O principal erro dos americanos foi acreditar que, após a fulminante intervenção militar "tradicional", em 2003, a população do país ocupado iria cooperar, a exemplo dos alemães e dos japoneses após a Segunda Guerra. Aqui, os EUA negligenciaram tanto as diferenças culturais como históricas.
Assim os piores temores da "velha Europa", em especial da Alemanha, se concretizaram: o Iraque tornou-se fonte de uma nova rede de terrorismo internacional – como demonstra o atentado em Madri – que agora ameaça o resto do mundo.
Christian Hacke diz que não se espantará se este for o princípio do fim do governo George W. Bush. Afinal, há cerca de dez anos, seu pai perdeu as eleições, apesar de sua política em relação ao Iraque e a condução da guerra, em si, haverem sido "exemplares". "Agora veremos se o povo americano irá tolerar o filho, que declarou esta guerra catastrófica, partindo de premissas catastróficas, com resultados catastróficos."
Entre o mau e o pior
Apesar de tudo, de nada vale os europeus dizerem "os norte-americanos cometeram um erro", já que todos estamos no mesmo barco e os EUA não podem resolver sozinhos um problema de que eles próprios são parte. Nem os ingleses, espanhóis ou italianos.
"O que se deve fazer?", pergunta-se Hacke. "A Otan autocelebra sua ampliação, aqui não há sinal de que alguém se ocupará do problema. Naturalmente qualquer solução dependerá de um mandato da ONU. Ao que tudo indica, não existe uma política européia de segurança e defesa, cuja visão ultrapasse o continente."

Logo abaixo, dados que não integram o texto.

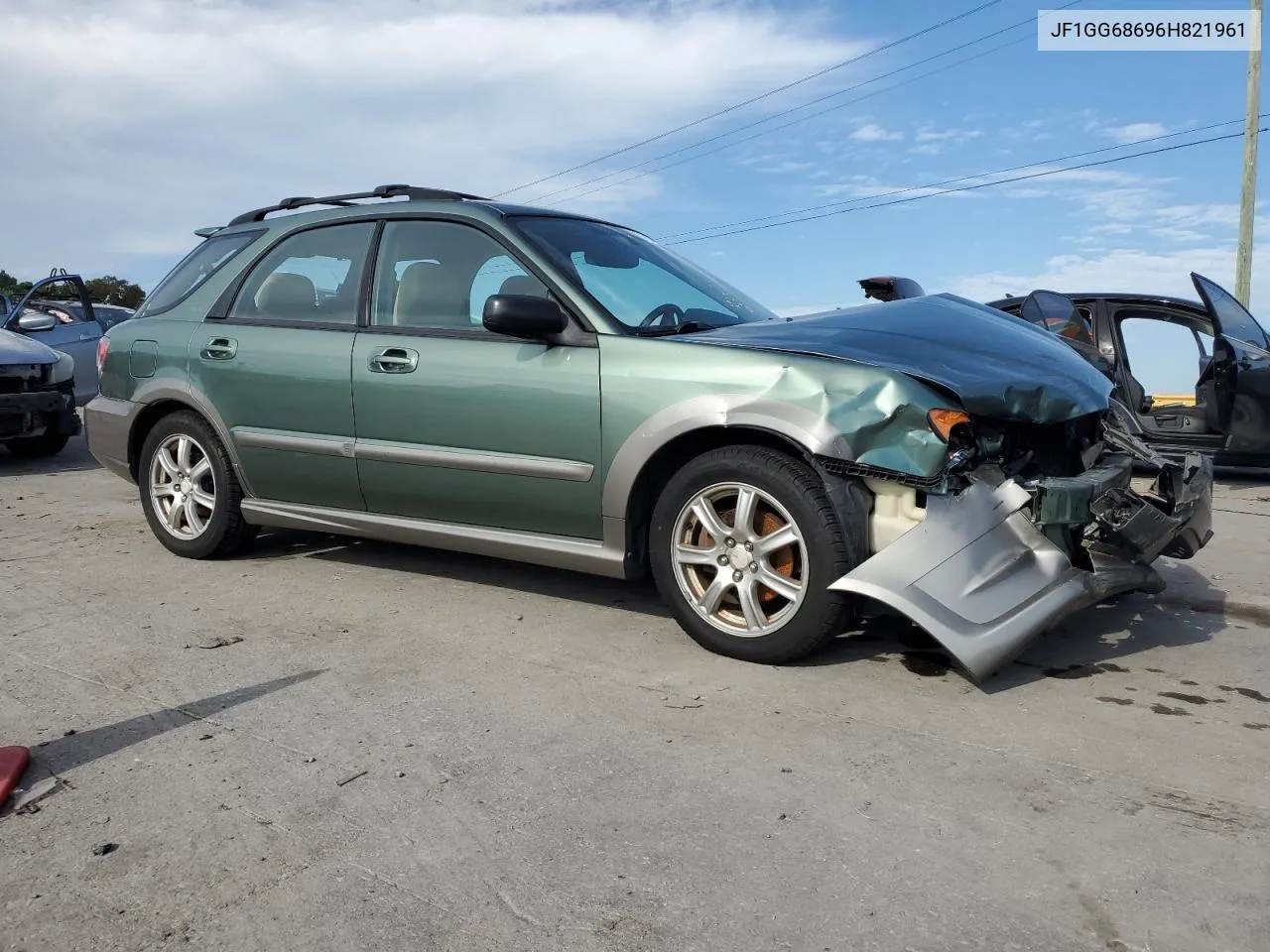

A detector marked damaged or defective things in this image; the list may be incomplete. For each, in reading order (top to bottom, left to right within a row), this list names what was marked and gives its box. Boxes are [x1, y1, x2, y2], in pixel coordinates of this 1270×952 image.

crashed green car [84, 186, 1213, 680]
damaged hood [686, 293, 1112, 423]
crumpled front end [827, 414, 1213, 680]
detached silver bumper cover [827, 451, 1213, 680] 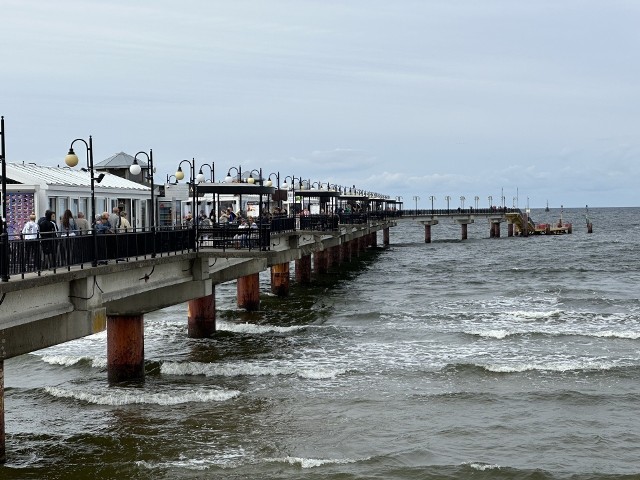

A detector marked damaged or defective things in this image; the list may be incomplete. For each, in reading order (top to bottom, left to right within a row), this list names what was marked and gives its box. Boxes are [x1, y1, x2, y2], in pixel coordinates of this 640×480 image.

rusty pier pillar [186, 288, 216, 338]
rusty pier pillar [238, 274, 260, 312]
rusty pier pillar [270, 262, 290, 296]
rusty pier pillar [108, 316, 144, 382] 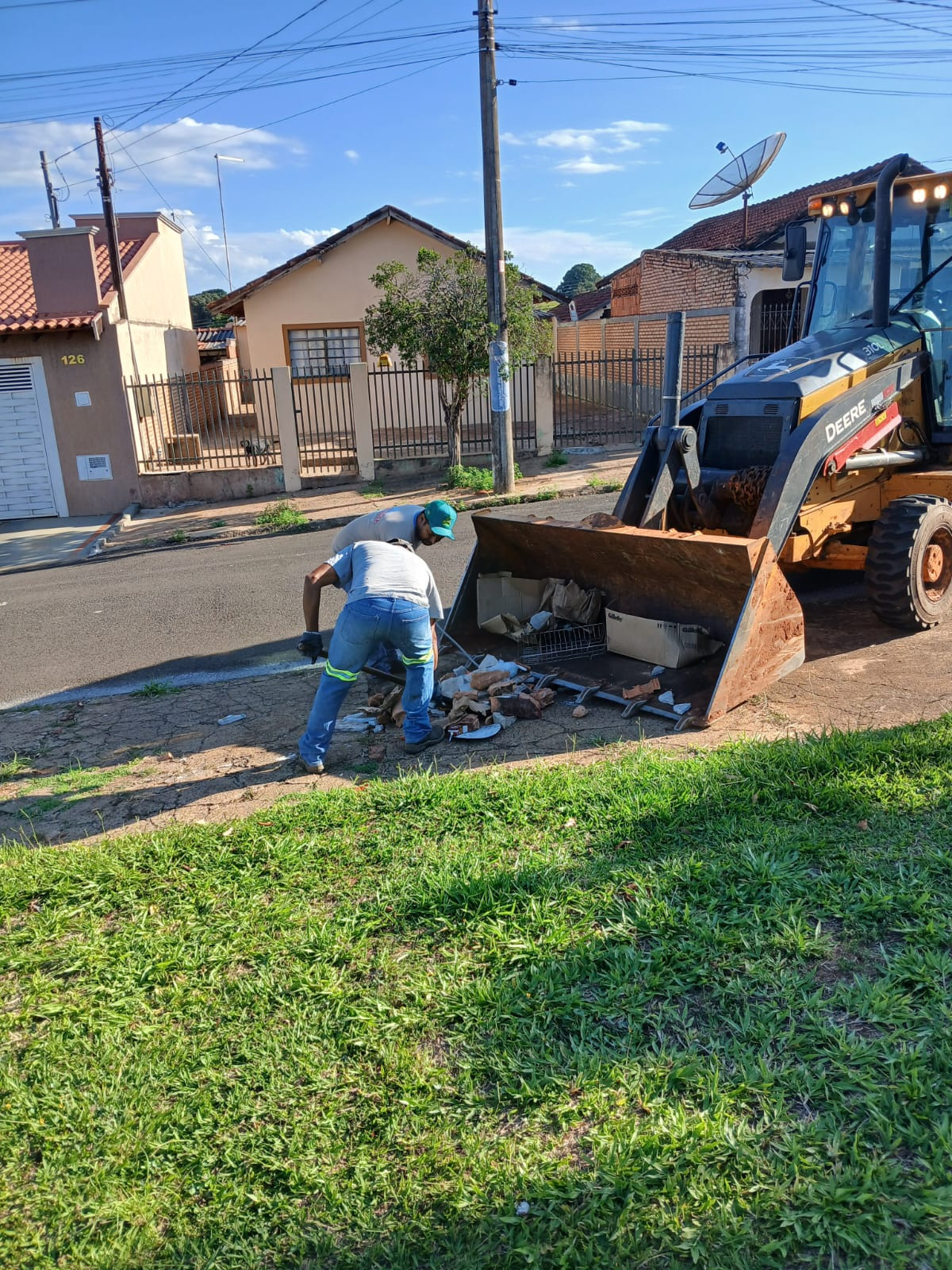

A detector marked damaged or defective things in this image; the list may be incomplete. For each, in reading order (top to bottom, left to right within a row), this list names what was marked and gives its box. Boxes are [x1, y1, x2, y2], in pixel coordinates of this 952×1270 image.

broken concrete chunk [622, 680, 660, 701]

O especialista da Universidade de Bonn continua: "Não quero dizer que a UE ou a Otan venham a intervir no Iraque. Mas é preciso que se discuta a questão, como as forças militares e as instituições envolvidas irão reagir a este novo desafio. E, por enquanto, o que presenciamos é perplexidade e choque."
"Ondas de choque nos atingem, vindas de Bagdá, e agora chegou a hora da política. Com olhar objetivo, ela precisa considerar o que se deve fazer." Hacke conclui, com desolação: "No momento, o dilema não é entre certo e errado, mas entre mau e pior".